Aí comecei a trabalhar numa consultoria de estratégia - e em uma semana eu sabia que seria mais feliz construindo coisas no mundo real do que num laboratório. Abandonei o processo do mestrado. Vieram dois anos de Accenture: modelos operacionais de banco, uma integração pós-fusão petroquímica, e até o planejamento estratégico do Flamengo, meu time do coração. Ótimo treinamento. Não era a vida que eu queria. Em 2012, saí para abrir empresas com o Gustavo.

Multidão observando o helicóptero do presidente Obama pousar no clube do Flamengo
Anexo 02 · Durante o projeto do Flamengo: o dia em que o Obama pousou no clube.
Torcida do Flamengo aglomerada recebendo Ronaldinho Gaúcho
Anexo 03 · A torcida do Flamengo recebendo Ronaldinho Gaúcho.

Fracasso nº 1: carro.com.vc (2013)

A ideia era limpa: um “Airbnb de carros” no Brasil. Você tem um carro que usa uma hora por dia - alugue por hora para os vizinhos e reduza o custo de ter um carro.

Chegamos a vencer uma competição internacional de modelos de negócio na Universidade de Santa Clara com essa ideia. Um troféu, uma viagem aos Estados Unidos, validação de gente que estuda modelos de negócio profissionalmente.

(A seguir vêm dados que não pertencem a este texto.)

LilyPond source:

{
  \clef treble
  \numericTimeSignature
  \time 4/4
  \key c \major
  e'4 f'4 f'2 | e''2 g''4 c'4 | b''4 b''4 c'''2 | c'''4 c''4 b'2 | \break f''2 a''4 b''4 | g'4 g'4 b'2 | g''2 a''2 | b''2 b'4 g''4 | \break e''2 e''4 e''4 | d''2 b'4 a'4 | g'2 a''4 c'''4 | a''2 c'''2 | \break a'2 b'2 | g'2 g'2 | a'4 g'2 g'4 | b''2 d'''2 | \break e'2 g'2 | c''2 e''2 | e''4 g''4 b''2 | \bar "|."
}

O que encontramos no lugar de um mercado foi um muro: o seguro. O modelo inteiro depende de segurar um desconhecido dirigindo o seu carro, e nenhuma seguradora brasileira oferecia esse produto. Não dava para construirmos nós mesmos - não era nosso para construir.

Entrega das chaves de um carro ao lado do adesivo do carro.com.vc
Anexo 04 · carro.com.vc: entregando as chaves a um desconhecido.

Os quatro emails chutados

Quatro empresas nos Estados Unidos já faziam o que a gente queria fazer. Eu não as conhecia e não tinha os emails de ninguém. Então chutei - nome @ empresa .com - e mandei a mesma mensagem honesta quatro vezes: estou construindo algo parecido no Brasil. Estarei em San Francisco semana que vem. Café?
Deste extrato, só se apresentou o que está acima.